Pełny tekst orzeczenia

Sygn. akt VIII Ca 510/13

WYROK

W IMIENIU RZECZYPOSPOLITEJ POLSKIEJ

Dnia 26 lutego 2014 r.

Sąd Okręgowy w Toruniu VIII Wydział Cywilny Odwoławczy

w składzie:

Przewodniczący:

SSO Małgorzata Kończal (spr.)

Sędziowie:

SSO Rafał Krawczyk

SSO Marek Lewandowski

Protokolant:

sekr. sądowy Natalia Wilk

po rozpoznaniu w dniu 26 lutego 2014 r. w Toruniu

na rozprawie

sprawy z powództwa Naczelnika Urzędu Skarbowego w W.

przeciwko G. F., J. W. i R. W.

o ustalenie istnienia lub nieistnienia stosunku prawnego

na skutek apelacji pozwanych J. W. i R. W.

od wyroku Sądu Rejonowego w Chełmnie VI Zamiejscowego Wydziału Cywilnego w Wąbrzeźnie

z dnia 20 czerwca 2013 r.

sygn. akt VI C 3/13

1.  oddala apelację,

2.  zasądza od pozwanych J. W. i R. W. na rzecz powoda Naczelnika Urzędu Skarbowego w W. kwotę 1200 zł (jeden tysiąc dwieście złotych) tytułem zwrotu kosztów procesu za instancję odwoławczą.

sygn. akt VIII Ca 510/13

UZASADNIENIE

Wyrokiem z dnia 20 czerwca 2013 r. w sprawie z powództwa Naczelnika Urzędu Skarbowego w W. przeciwko G. F., J. W. oraz R. W. Sąd Rejonowy w Chełmnie VI Zamiejscowy Wydział Cywilny z siedzibą w Wąbrzeźnie ustalił nieistnienie stosunku prawnego między pozwaną G. F. (kupującym), a pozwanymi małżonkami J. W. oraz R. W. (sprzedającymi) związanego z czynnością cywilnoprawną, jaką było zawarcie pomiędzy pozwanymi w dniu 2 lutego 2007 r. umowy sprzedaży zabudowanej działki położonej w miejscowości (...), udokumentowanej aktem notarialnym z dnia 2 lutego 2007 r. Repertorium A nr (...) i zasądził solidarnie od pozwanych – G. F. oraz małżeństwa J. W. i R. W. na rzecz powoda Naczelnika Urzędu Skarbowego w W. kwotę 2400 złotych tytułem zwrotu kosztów procesu.

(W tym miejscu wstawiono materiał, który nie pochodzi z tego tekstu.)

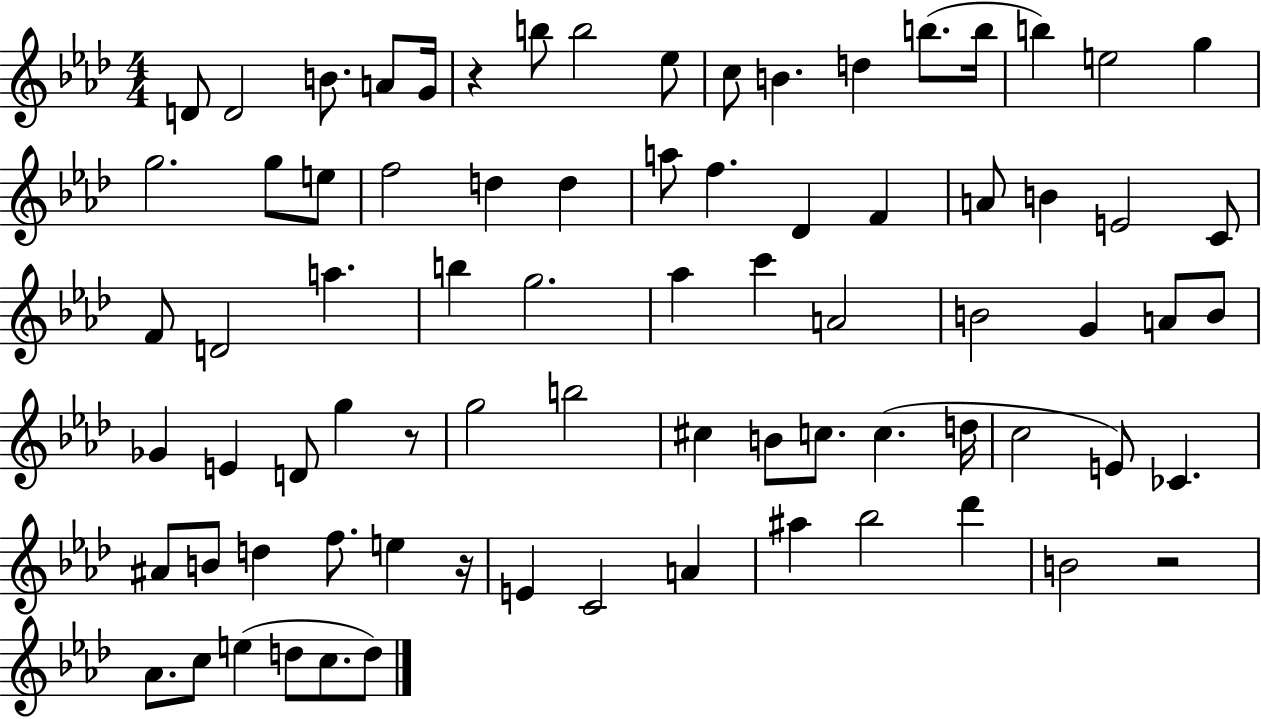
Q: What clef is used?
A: treble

Wydając powyższe rozstrzygnięcie Sąd Rejonowy ustalił m.in. że nieruchomość położoną w (...) R. D. (ojciec pozwanej J. W.) nabył w dniu 6 września 2003 r. Przeprowadził w niej remont , wybudował wiatę. Budynek ten nie ma stałego ogrzewania, jedynie parter można było ogrzewać kominkiem. R. D. zawarł umowy na dostawę energii elektrycznej i wywóz nieczystości. Na przedmiotowej nieruchomości R. D. przebywał bardzo często, czasami nocował. R. D. był myśliwym. Na nieruchomości stacjonował jego samochód terenowy oraz kilka psów myśliwskich. W budynku gospodarczym posiadał zamrażarkę, w której przetrzymywał mięso dla psów oraz mięso ze zwierzyny upolowanej.

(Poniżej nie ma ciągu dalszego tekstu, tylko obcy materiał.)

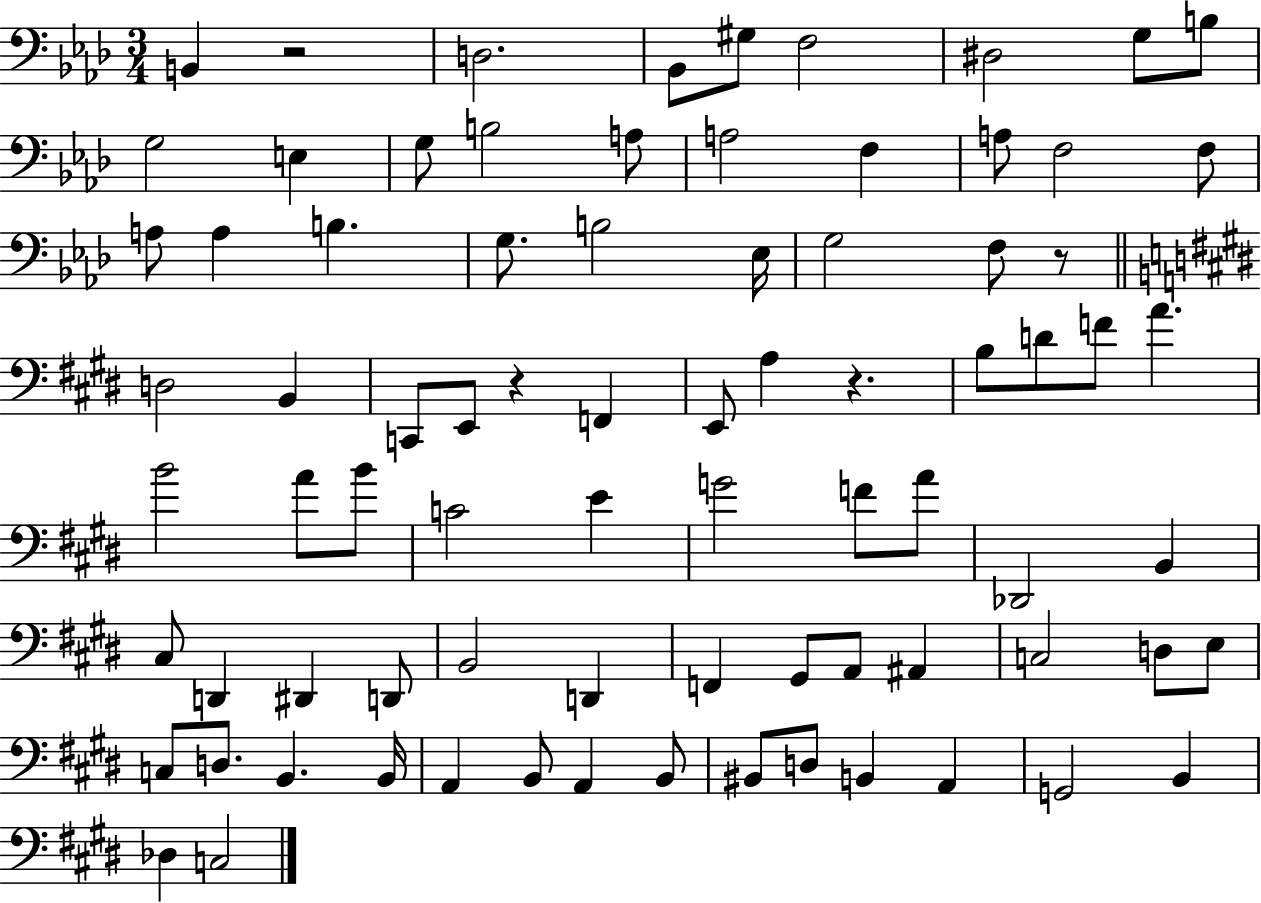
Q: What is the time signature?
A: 3/4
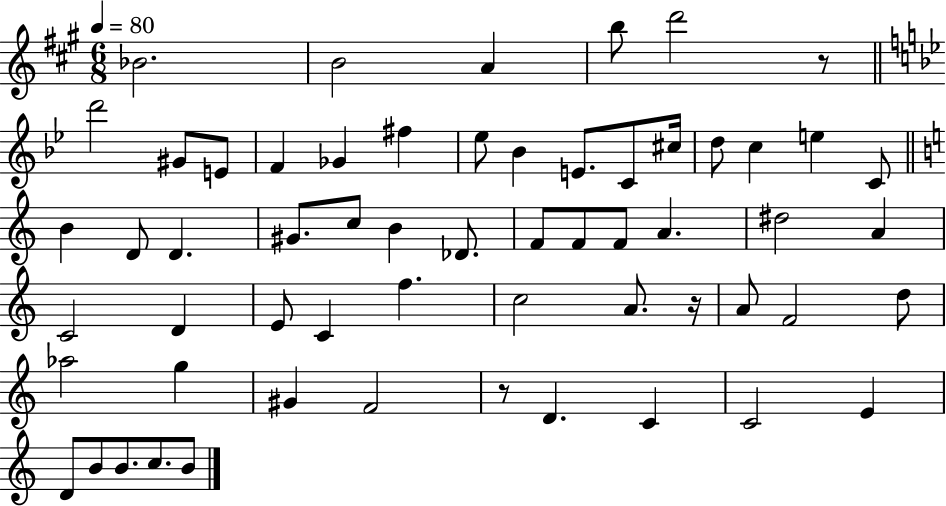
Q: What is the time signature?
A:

R. D. prowadził działalność gospodarczą. W dniu 3 sierpnia 2006 r. do Sądu Rejonowego w Toruniu złożył wniosek o ogłoszenie upadłości. W okresie poprzedzającym złożenie wniosku przystąpił do wyzbywania się majątku. Aktem notarialnym z dnia 18 listopada 2005r. darował nieruchomość będącą przedmiotem niniejszego postępowania J. W. i R. W.. Pozwani nigdy nie objęli nieruchomości w posiadanie. Początkowo zamieszkiwali w najętym mieszkaniu w W. przy ulicy (...), a następnie wyprowadzili się do P.. R. D. w dalszym ciągu korzystał z nieruchomości w niezmieniony sposób i ponosił wszelkie koszty związane z posiadaniem tej nieruchomości. Również na adres (...) przychodziła do niego korespondencja.

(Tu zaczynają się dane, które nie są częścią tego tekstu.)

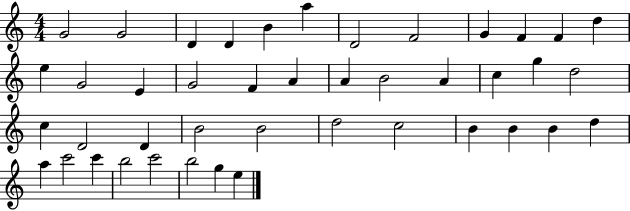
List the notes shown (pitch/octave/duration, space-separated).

G4/h G4/h D4/q D4/q B4/q A5/q D4/h F4/h G4/q F4/q F4/q D5/q E5/q G4/h E4/q G4/h F4/q A4/q A4/q B4/h A4/q C5/q G5/q D5/h C5/q D4/h D4/q B4/h B4/h D5/h C5/h B4/q B4/q B4/q D5/q A5/q C6/h C6/q B5/h C6/h B5/h G5/q E5/q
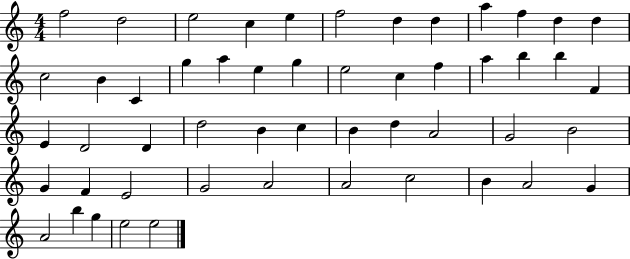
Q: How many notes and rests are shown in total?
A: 52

Postanowieniem Sądu Rejonowego w Toruniu z dnia 21 września 2006 r. Gup 30/06 na syndyka masy upadłościowej R. D. wyznaczono S. Z., który niezwłocznie podjął działania w celu ustalenia majątku rozporządzonego przez upadłego. Aktem notarialnym z dnia 2 lutego 2007 r. pozwani J. W. i R. W. sprzedali nieruchomość położoną w (...) G. F. – ówcześnie B., konkubinie, a obecnie żonie J. F., bliskiego kolegi R. D.. Określono cenę sprzedaży nieruchomości na 120.000 zł, która kupując według treści aktu zapłaciła gotówką, jednakże nie przedstawiła dowodów na posiadanie tych środków na rachunku bankowym przed zawarciem umowy. Utrzymywała jedynie, że większość tych środków przetrzymywała w domu, część z nich w różnych okresach i w różnych kwotach pobierała z rachunków bankowych swojego obecnego męża. Nie posiadała pokwitowania wręczenia pozwanym W. całej kwoty pieniędzy. Wskazywała, iż zapłata nastąpiła przed zawarciem aktu notarialnego. Dokonaną czynnością pozwani uprzedzili powództwo syndyka masy upadłościowej R. D. przeciwko pozwanym J. W. i R. W. o wydanie przedmiotowych nieruchomości, wniesione do Sądu Okręgowego Toruniu w dniu 28 lutego 2007 r.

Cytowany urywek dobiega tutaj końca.